To start our little sentence recognition lesson, I wrote some sentences on a chart, without any punctuation. I showed the children some of the different ways I have seen them experiment with periods. I explained that I LOVED seeing those periods and loved that they were using them.
But now, they were ready to learn exactly where to use them correctly. We read this chart together and noticed where we naturally stopped, because it was the end of a complete thought. We reread the chart and really paid attention to where we stopped. I reminded the children that we had learned that a period means STOP. That pause where we stopped when we were reading is exactly where the period should go. It may be in the middle of a line, or even after one word in a line. That doesn't matter. What does matter is that a period goes at the end of a whole thought that says something. I had different students come up and put a red magnet circle at the end of each sentence.
I always have the children answer questions and speak during show and tell in complete sentences. Every day they tell me, "The author writes the words." "The illustrator draws the pictures." We review how they do this- and how they never just say, "Writes words." They know that a sentences tells someone something in a complete thought.

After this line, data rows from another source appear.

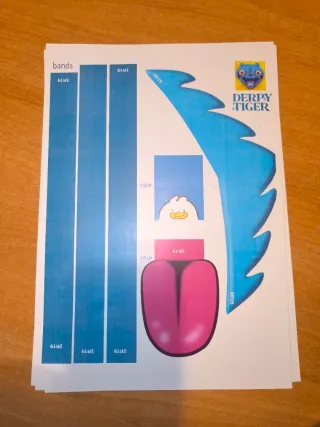 Máscara Gato Azul Huntrix DIY DERPY TIGER K-POP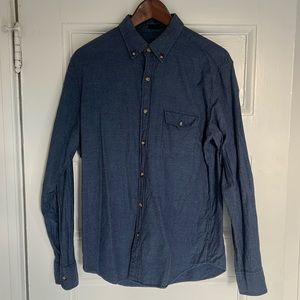 J Crew navy 100 percent cotton shirt Medium Slim fit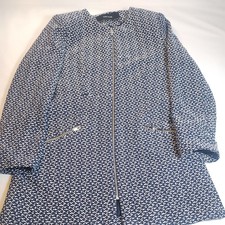 Zara Basic Tweed Frock Coat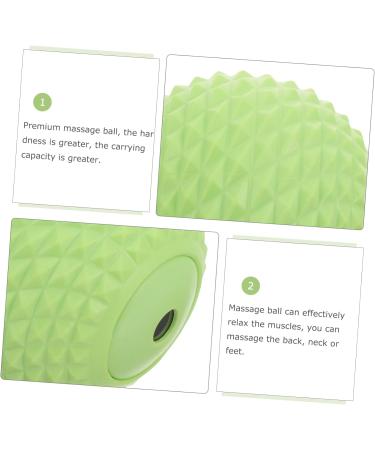 Minkissy Massage Ball Set - 2 Pieces for Foot & Back Relief Deep Tissue Muscle Massage TPE Yoga & Fitness Balls - Buy Online on GoSupps.com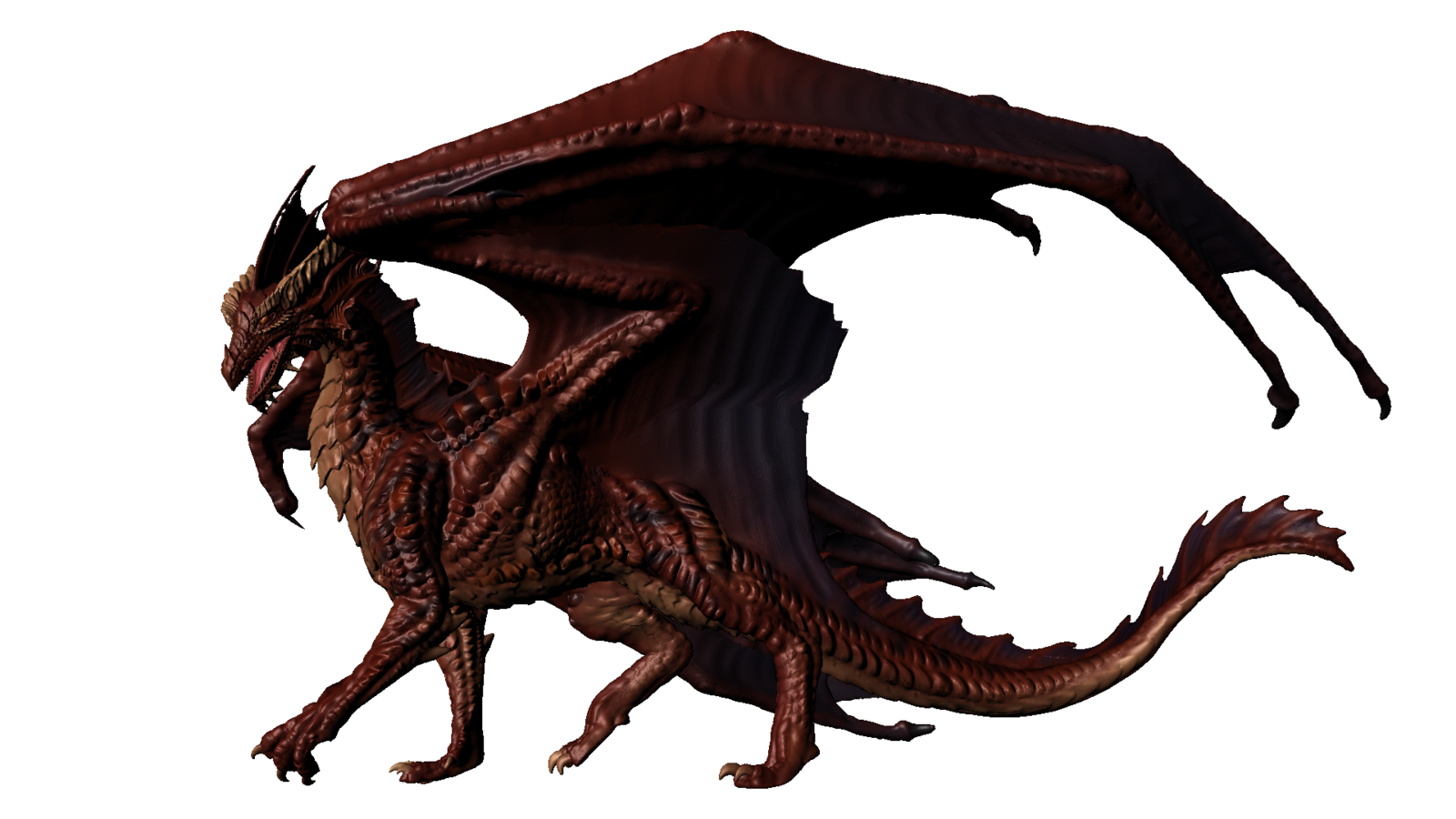 Realistic Dragon Transparent PNG Image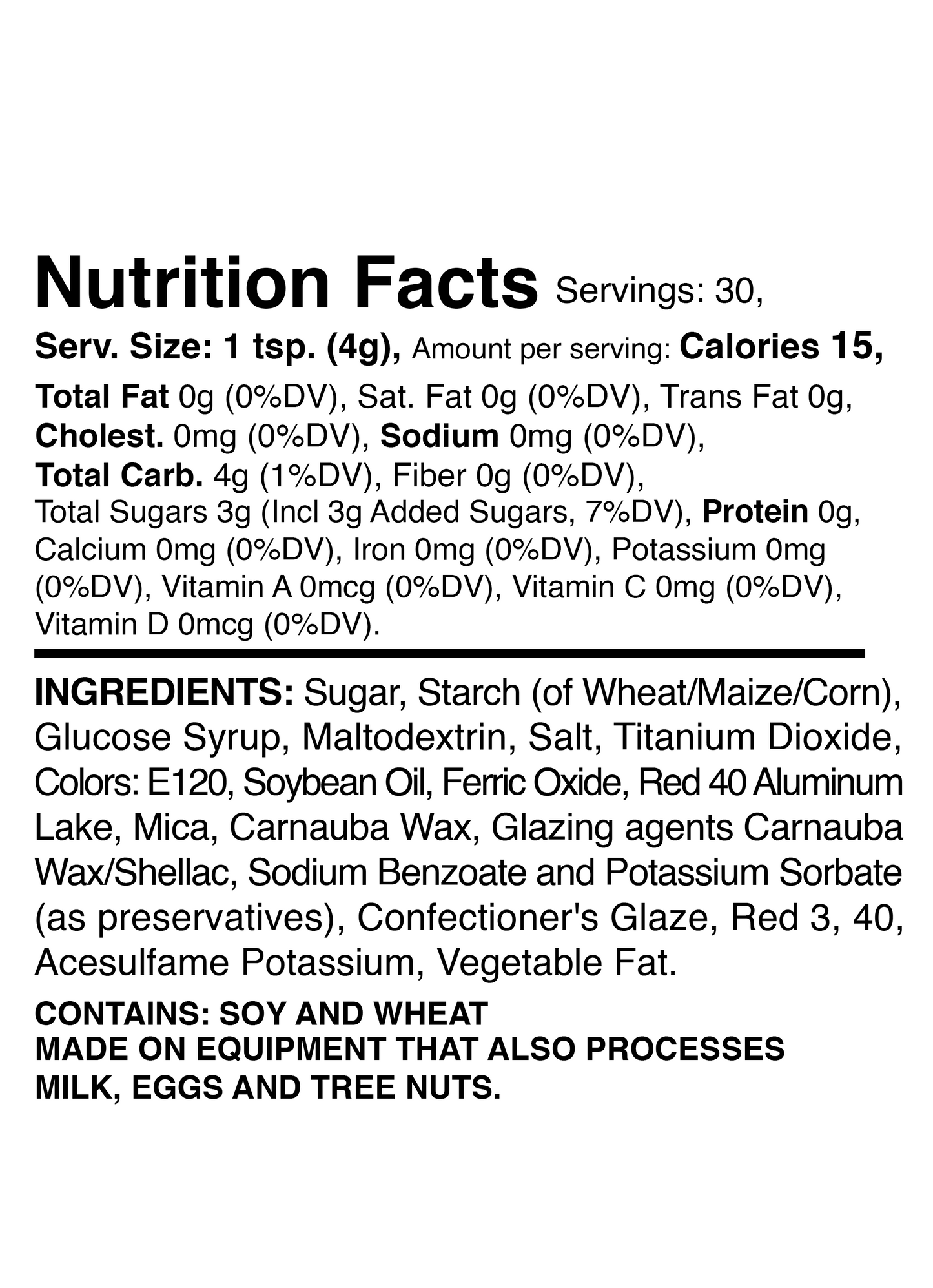 Bubbles of Love Sugar Pearl Mix 4.3oz Bottle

After we practice with our chart, I tell the children that I am going to read some groups of words to them. IF it is a complete sentence that needs a period at the end, they need to push their hand out in front of them and SCREEEEECH (like a car screeching to a STOP!) so I know to stop. They LOVE this. Love. If it is just a group of words and NOT a complete sentence, they stay completely quiet. You can also do a thumbs up for sentences, thumbs down if it is not a sentence- but it isn't quite as much fun.
I read several groups of words like:
I like to play
I like to
I like to play with
I like to play with my friends
We can go to the
We can go to the park
It is my new
My teacher is
My teacher is nice
Broccoli is green
After all this practice hearing when to use a period, it was time to show me their stuff, with a delicious little assessment. The children each got six mini m&m's in a little cup. I told them that the mini m&m's were perfect because periods are just miniature. I showed them how a period is NOT a colored in letter "o" (which I see sometimes), and it is not a practically invisible pencil mark. Even learning to write a period correctly is a skill!
The first job each child had was to decide their favorite color mini m&m and eat it for "Period Power." I only needed five periods on the paper I made. The m&m's were now going to be periods.
I gave each child a paper like this:
If you would like a copy, just click on the picture. It's simple, but it's already made, so why not!
Next, they had to read the paper themselves and put an m&m where a period would go, at the end of a sentence.
As they ate the "periods," they substituted a pencil period for the m&m on their paper.